Today, of course, the global dominance of English gives it a status very different from any other language. Bellos describes the cultural power of English-language translators of literary texts such as himself, who "control their source text's access not just to their target audience, but through the international trade in books and sometimes through double translation as well, they may open or shut the door to the rest of the world".
Stranger is the role of popular fiction. Where earlier models of machine translation unsuccessfully tried to break down sentences into the smallest possible semantic units, Google Translation uses brute force and a vast corpus of existing texts - on the principle that, although language theoretically offers infinite scope for creativity, in practice it tends to be used to say very similar things over and over again. There may never have been a single translation from Slovak into Icelandic, but as long as Harry Potter is translated into both, he can be used as a "pivot" for moving from one to the other.
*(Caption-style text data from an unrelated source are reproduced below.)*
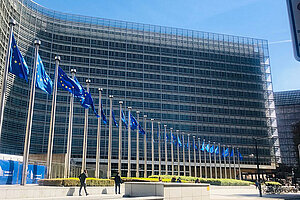 China E-Bike Antidumping Strafzölle. Gebäude der EU Kommission mit EU-Flaggen.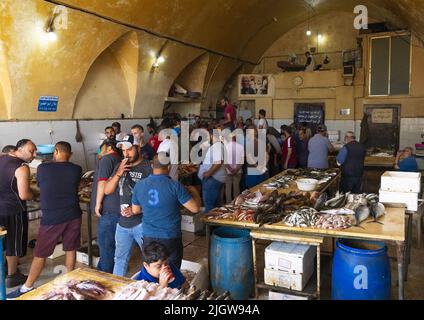 Auktion auf dem Fischmarkt, Nord-Governorate, Tripolis, Libanon Stockfoto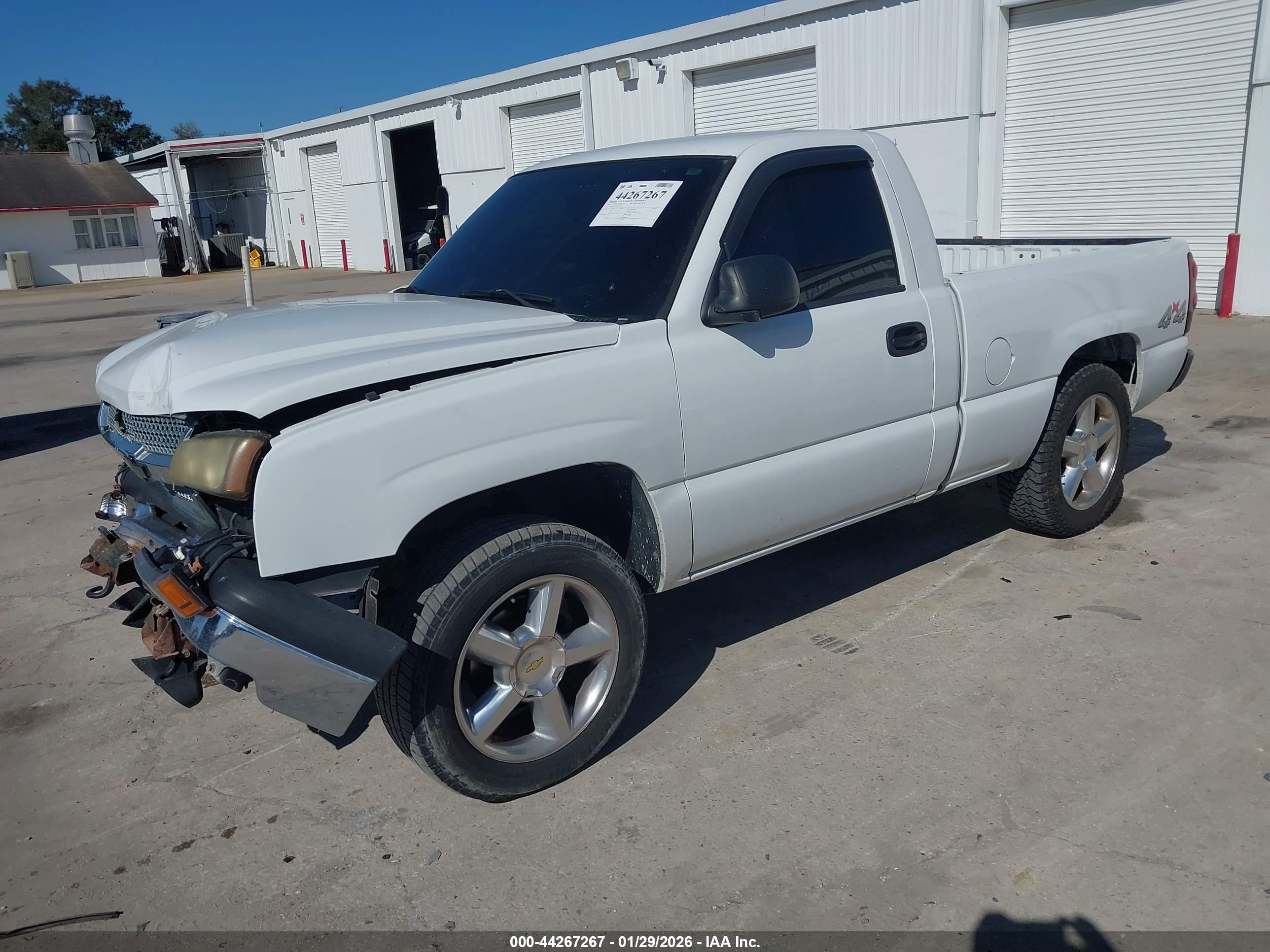 CHEVROLET SILVERADO image 2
As a practitioner, Bellos is enthusiastic about the ways that, by forcing us "to pay attention to more than one dimension of an utterance", translation can lead us to "find resources in (our own) language (we) never knew were there". Yet this can have surprising effects. The vogue for French critical theory led many anglophone academics to adopt the mannerisms of Jacques Derrida. French celebrity journalism, by contrast, has been deeply influenced by its role models in the US and UK.
It is here that we come to some rather more concrete issues that translation raises for UK academic life - and the international circulation of research.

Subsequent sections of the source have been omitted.